En concreto, el punto débil tiene que ver con el algoritmo bidireccional o Bidi de Unicode, que gestiona la visualización de textos que incluyen escrituras mixtas con diferentes órdenes de visualización, como el árabe -que se lee de derecha a izquierda- y el inglés (de izquierda a derecha).
Pero los sistemas informáticos necesitan una forma determinista de resolver los conflictos de direccionalidad en el texto. Para ello se creó el Bidi override, que permite hacer que el texto de izquierda a derecha se lea de derecha a izquierda, y viceversa.
Las anulaciones de Bidi permiten que incluso los caracteres de un solo guion se muestren en un orden diferente al de su codificación lógica. Como señalan los investigadores, este hecho ha sido explotado anteriormente para disfrazar las extensiones de los archivos de programas maliciosos difundidos por correo electrónico.
El problema es el siguiente: la mayoría de los lenguajes de programación permiten poner estas anulaciones de Bidi en comentarios y cadenas. Esto es malo porque la mayoría de los lenguajes de programación permiten comentarios dentro de los cuales todo el texto - incluyendo los caracteres de control - es ignorado por los compiladores e intérpretes.

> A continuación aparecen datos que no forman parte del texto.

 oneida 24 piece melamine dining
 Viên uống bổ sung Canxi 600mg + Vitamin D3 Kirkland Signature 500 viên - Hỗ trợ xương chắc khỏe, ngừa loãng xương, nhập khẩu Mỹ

Lo que se traduce en que se pueden utilizar en un código fuente que parece inocuo para un revisor humano y convertirlo en una pesadilla.
Y esto es una mala noticia para proyectos como Linux y Webkit, que aceptan contribuciones de personas al azar, las someten a una revisión manual y luego las incorporan a código crítico. Esta vulnerabilidad es, por lo que dicen los expertos, muy grave.
El documento de investigación, que bautizó la vulnerabilidad como Trojan Source, señala que, aunque tanto los comentarios como las cadenas tienen una semántica específica de la sintaxis que indica su inicio y su fin, estos límites no son respetados por las anulaciones de Bidi.